Не обращая внимания на смех и шутки, он поднялся и вышел из палатки. Зеленоватая звездная ночь истаивала над его головой. Он посмотрел на мохнатые колючки звезд и вдруг с пронзительной ясностью впервые ощутил, что над чуждыми и разбросанными по земле странами каждую ночь горят одни и те же звезды, тает зеленоватое, морозное, примиряющее и объединяющее небо. Это несложное открытие ошеломило его и усилило крушение, разыгравшееся в его смятенном сознании. Он долго простоял на снегу, подняв голову кверху и следя пути звезд.
Глухой отзвук пушечного выстрела докатился до него, – вероятно, где-нибудь лопнуло ледяное поле.

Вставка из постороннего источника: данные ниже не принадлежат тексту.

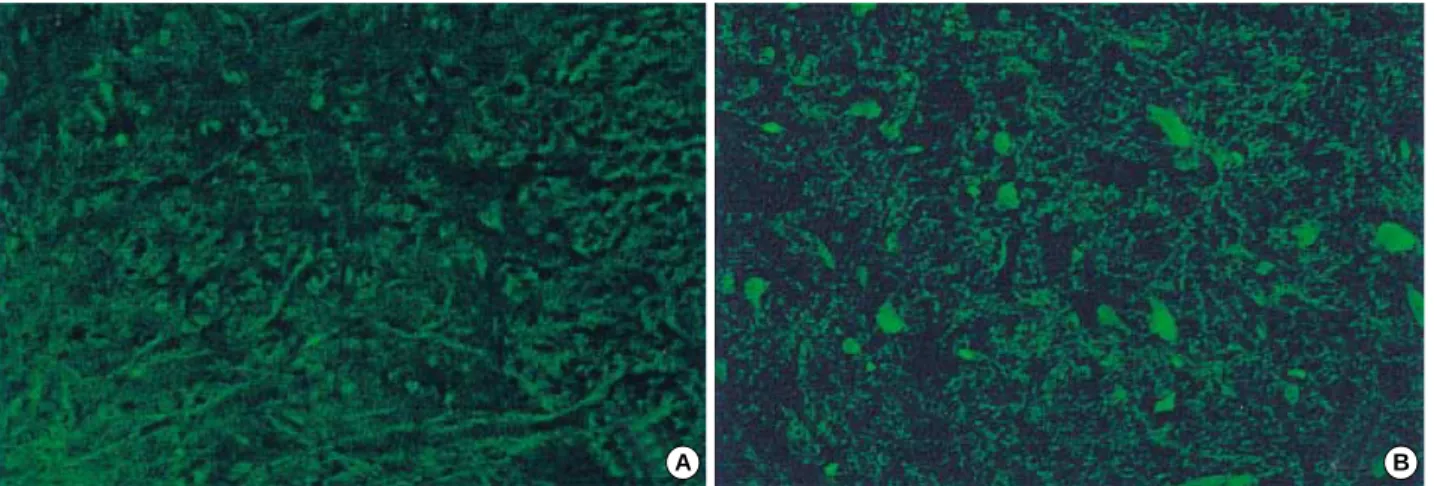 Fig. 5. Immunofluorescence of iNOS in the rat spinal cord of the control (A, ×200), and in the 72 hr group (B, ×200)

Он вздрогнул, повернулся и вошел в палатку.
Там уже укладывались спать. Семеро должны были завтра покинуть льдину навсегда. Пилот Мошалоу сидел у печки и исписывал страницы своей маленькой книжечки.
Пит направился к нему.
– Пайлот!
Пилот обернулся.
– Слушаю, Митчелл.
Пит замялся. То, что пришло ему в голову и что он решил сказать, стоя под звездами, было очень трудно выразить словами.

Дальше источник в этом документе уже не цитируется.